-- Слушай, Глэдис, тебе прекрасно известно, в чем тут дело. Мне это не по душе. Мне это вообще не нравится.
Она подняла левую руку и медленно провела пальцем между своих грудей, а потом по белому холмику живота.
-- Значит, тебе это не нравится?-- спросила она, улыбаясь.
-- Мне неприятно красть тебя у кого-то, прятаться, не зная, кто ты и где живешь. Я тебе говорил, что чувствую... Я чувствую, что не имею на это права.
Она засмеялась.
-- Мы взрослые люди. Между нами нет любви, и мы знаем это. Но нам хорошо вместе, правда?
-- Я не уверен, Глэдис. Я не уверен, что вообще нравлюсь тебе.
Это ее не беспокоило. Она снова засмеялась, приподнялась на локте и посмотрела на меня.
-- Ты мне никогда не нравился.
Она окинула взглядом мое тело.
-- Я даже не могу понять, что нашла в тебе. Какие-то шесть футов дерьма. Темные вьющиеся волосы, коричневые глаза, довольно красивый нос, ямочка на квадратном подбородке, как у Кэри Гранта. Тебе бы следовало быть домоседом, и жаль, что это не так, Марк. Я даже не скажу, что ты интересный.
Она положила руку мне на колено, усмехнулась и произнесла сквозь зубы:
-- Просто не знаю, что я в тебе нашла.
Я тоже усмехнулся в ответ.
-- Мне-то, черт возьми, ясно, что ты во мне нашла. А теперь поднимайся, детка, и запихивай себя в штаны.

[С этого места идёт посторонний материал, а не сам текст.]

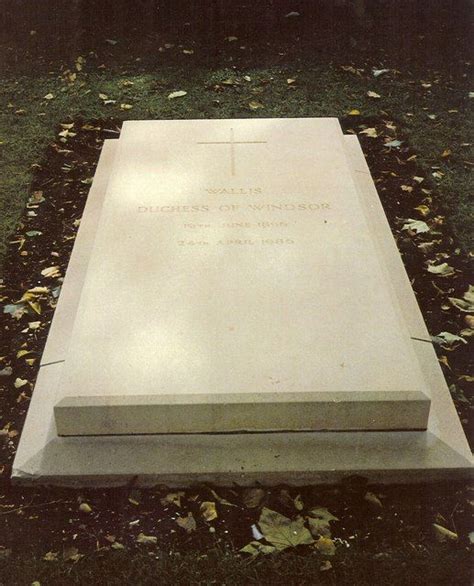 Grave Marker of the Duchess of Windsor at Frogmore Burial Ground ...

Она встала, но, подойдя, села мне на колени. Я замотал головой.
-- Давай серьезно, Глэдис. Тебе пора уходить.
-- Мне кажется, я останусь.
-- Тогда я спрошу тебя кое о чем. У тебя есть супруг и, откуда мне знать, может, около десятка детей. Неужели муж с тобой не спит? Неужели ты хотя бы иногда не чувствуешь себя мерзкой тварью?
-- Ради Бога, Марк. Ты не мог бы забыть на час этого старого козла? Для частного детектива и холостяка ты выдаешь какие-то странные детские замечания. Почему бы тебе не излить эту идиотскую мораль где-нибудь в другом месте? Но если тебе от этого станет легче, давай сходим в воскресенье в церковь.
Она замолчала, на ее губах заиграла милая улыбка, и руки обвили мою шею.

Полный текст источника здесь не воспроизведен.